**WHAT IS BEING ASKED**
The line containing "11 Photograph of" marks the start of the required copy, which runs to the final line of the entries; return those lines exactly, without any pictures.

(Captioned web image data)

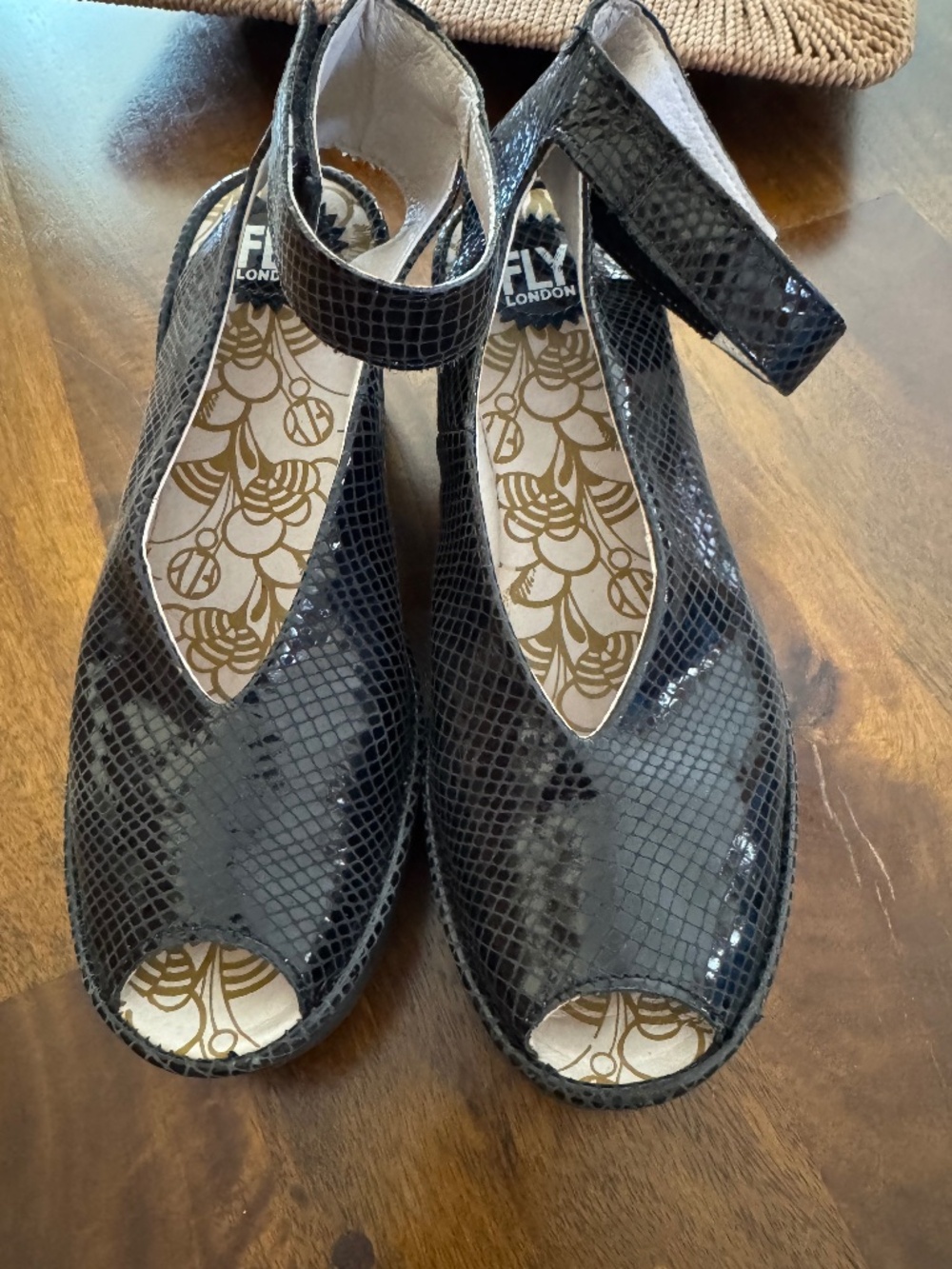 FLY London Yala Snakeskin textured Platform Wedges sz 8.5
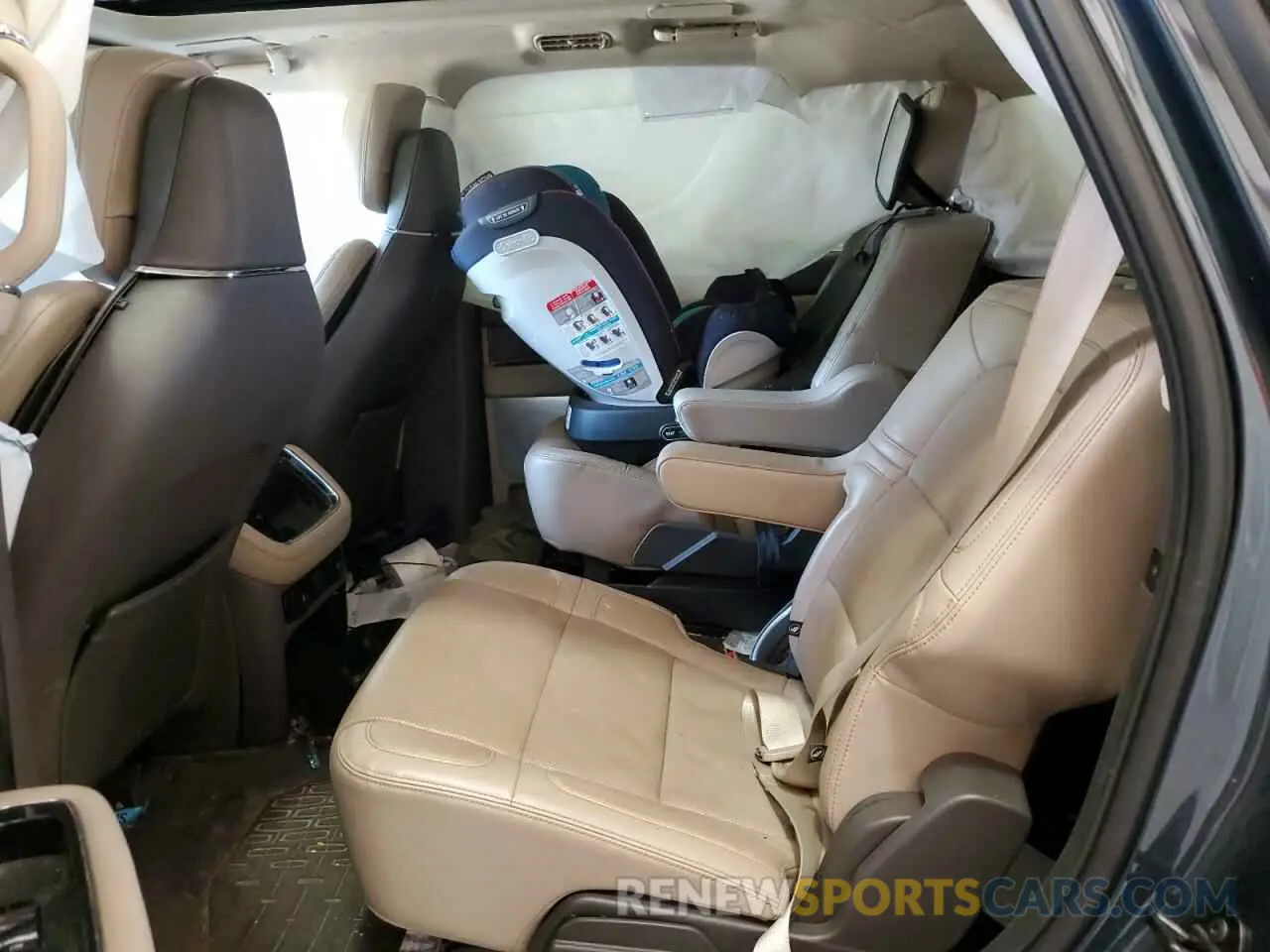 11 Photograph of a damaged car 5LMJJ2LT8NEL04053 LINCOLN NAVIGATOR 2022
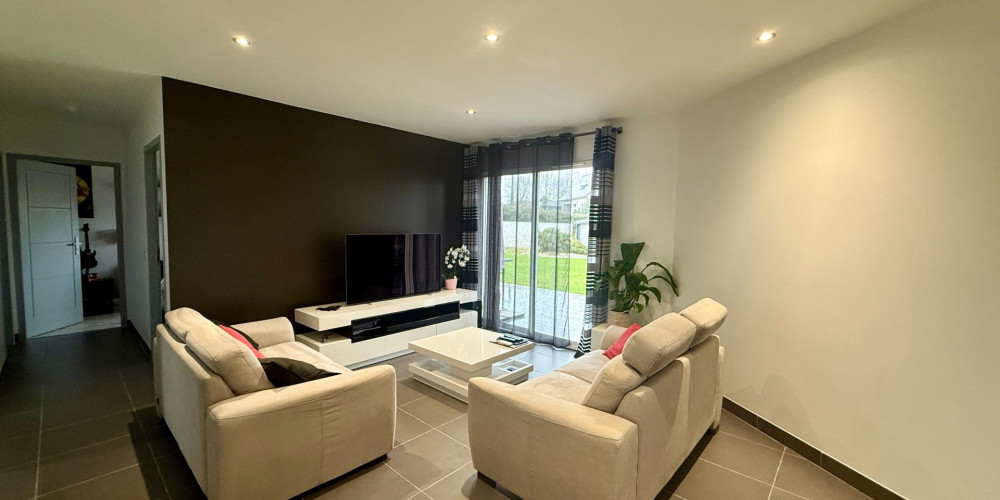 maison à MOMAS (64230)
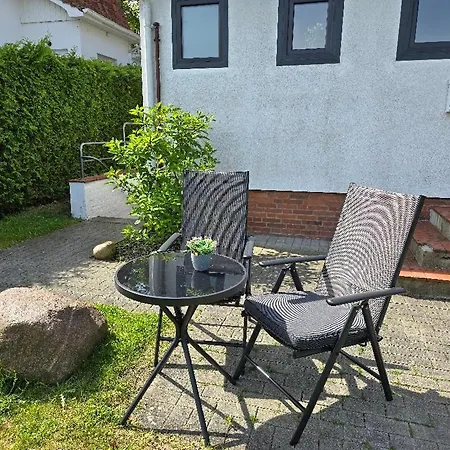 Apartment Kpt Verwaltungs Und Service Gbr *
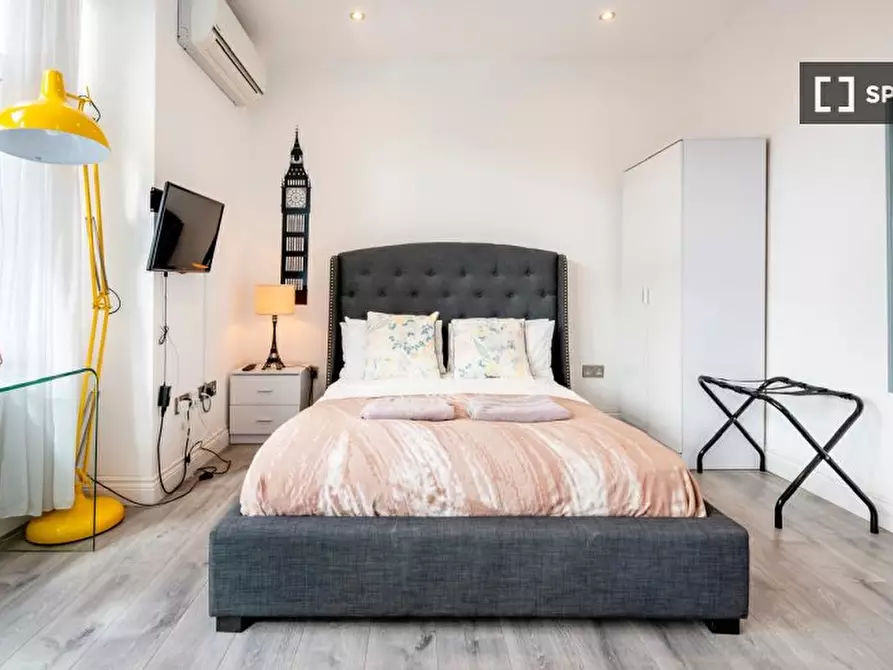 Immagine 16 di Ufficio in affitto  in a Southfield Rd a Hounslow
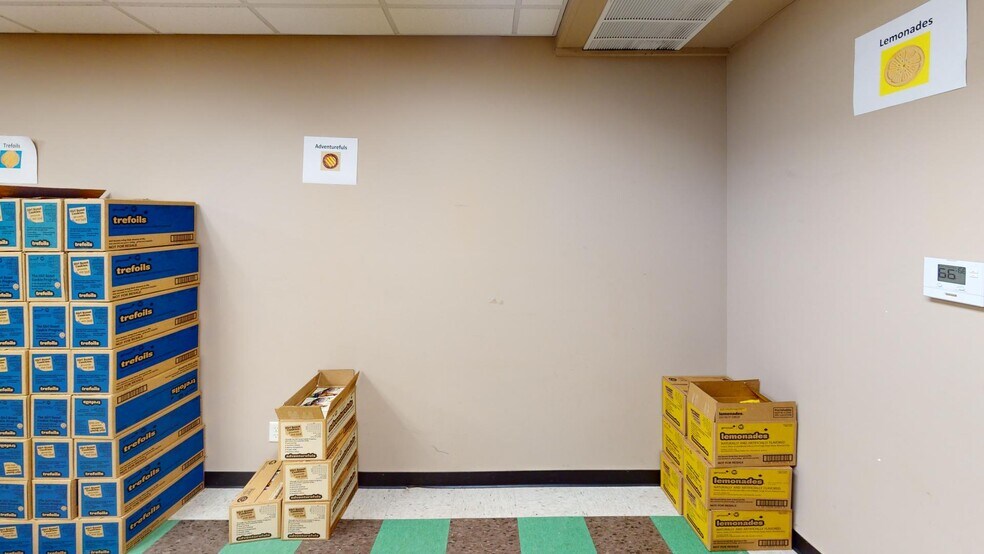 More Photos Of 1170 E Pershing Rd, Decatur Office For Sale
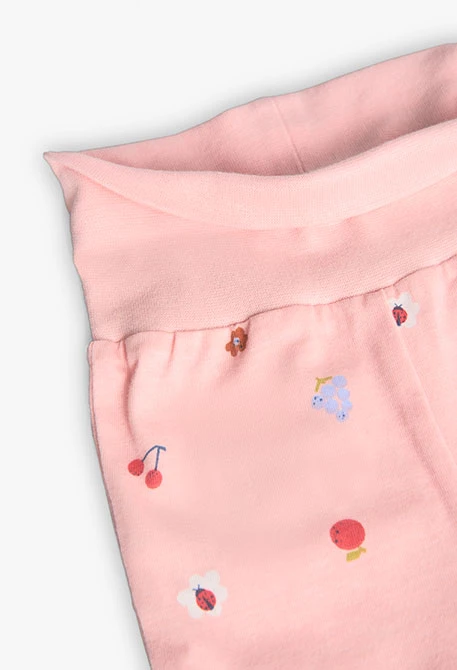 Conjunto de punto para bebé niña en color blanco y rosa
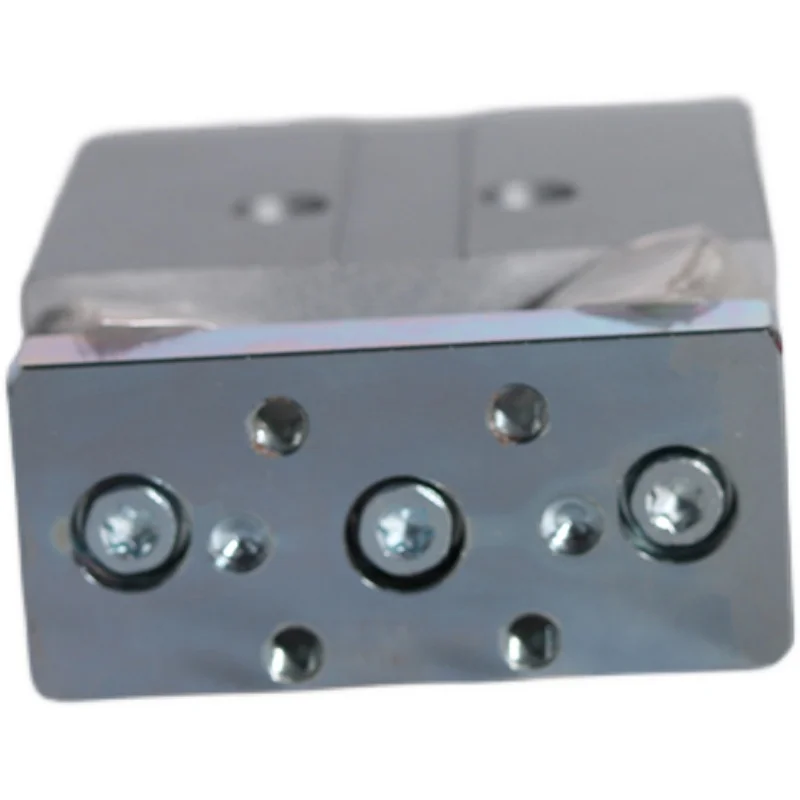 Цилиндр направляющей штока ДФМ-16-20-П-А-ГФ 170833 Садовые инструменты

**REPLY TO THE TASK**
 11 Photograph of a damaged car 5LMJJ2LT8NEL04053 LINCOLN NAVIGATOR 2022
 maison à MOMAS (64230)
 Apartment Kpt Verwaltungs Und Service Gbr *
 Immagine 16 di Ufficio in affitto  in a Southfield Rd a Hounslow
 More Photos Of 1170 E Pershing Rd, Decatur Office For Sale
 Conjunto de punto para bebé niña en color blanco y rosa
 Цилиндр направляющей штока ДФМ-16-20-П-А-ГФ 170833 Садовые инструменты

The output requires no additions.